#### TASK MATERIAL:
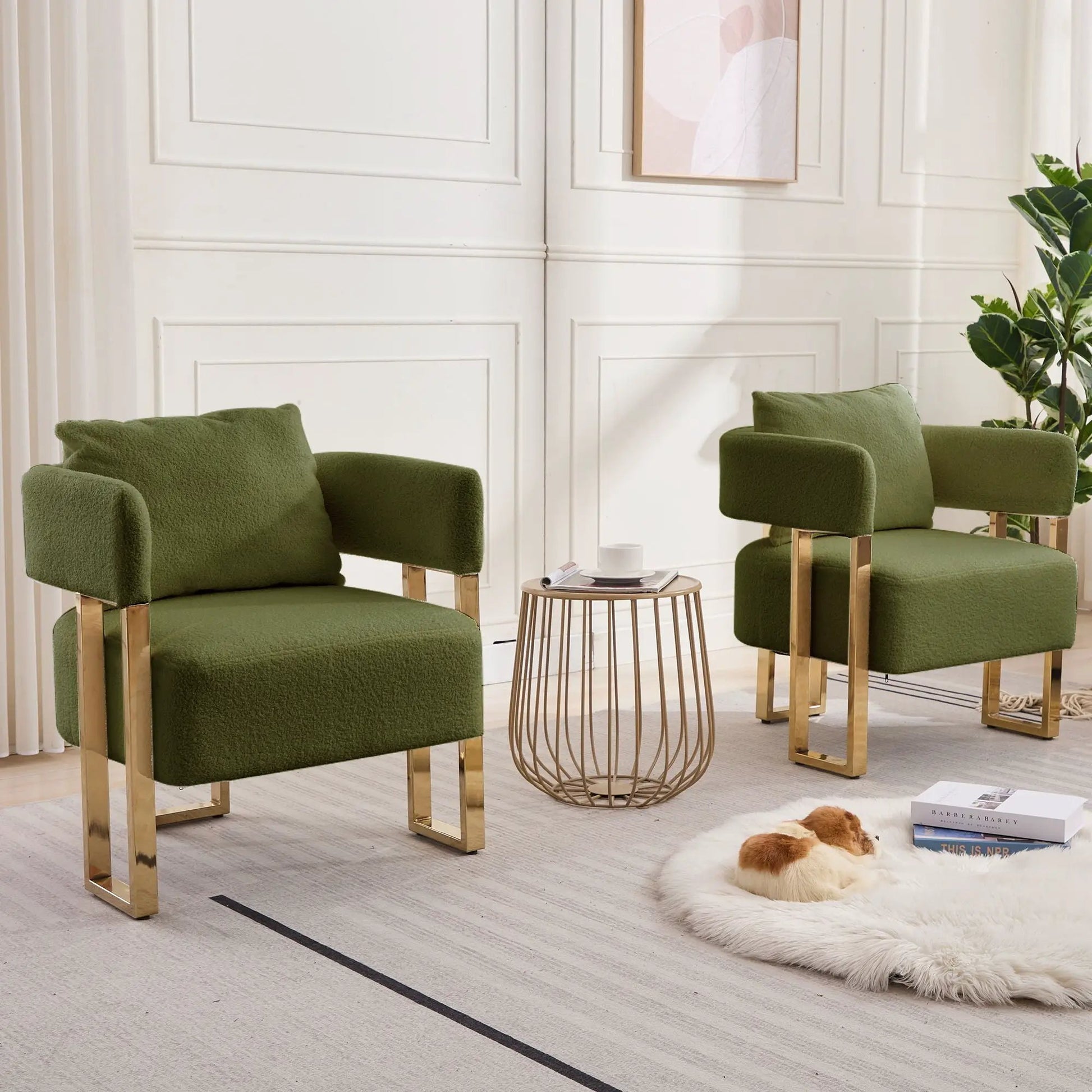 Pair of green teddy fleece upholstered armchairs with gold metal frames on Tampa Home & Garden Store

---

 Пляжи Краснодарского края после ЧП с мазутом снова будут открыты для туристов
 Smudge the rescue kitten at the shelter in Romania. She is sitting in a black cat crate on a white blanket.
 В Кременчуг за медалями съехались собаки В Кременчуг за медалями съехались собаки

#### AIM OF THE EXERCISE:
Beginning with the line containing "Пляжи Краснодарского края" and ending with the line containing "В Кременчуг за медалями съехались собаки В", extract those lines exactly from the listing above, and only those.

#### SOLUTION:
 Пляжи Краснодарского края после ЧП с мазутом снова будут открыты для туристов
 Smudge the rescue kitten at the shelter in Romania. She is sitting in a black cat crate on a white blanket.
 В Кременчуг за медалями съехались собаки В Кременчуг за медалями съехались собаки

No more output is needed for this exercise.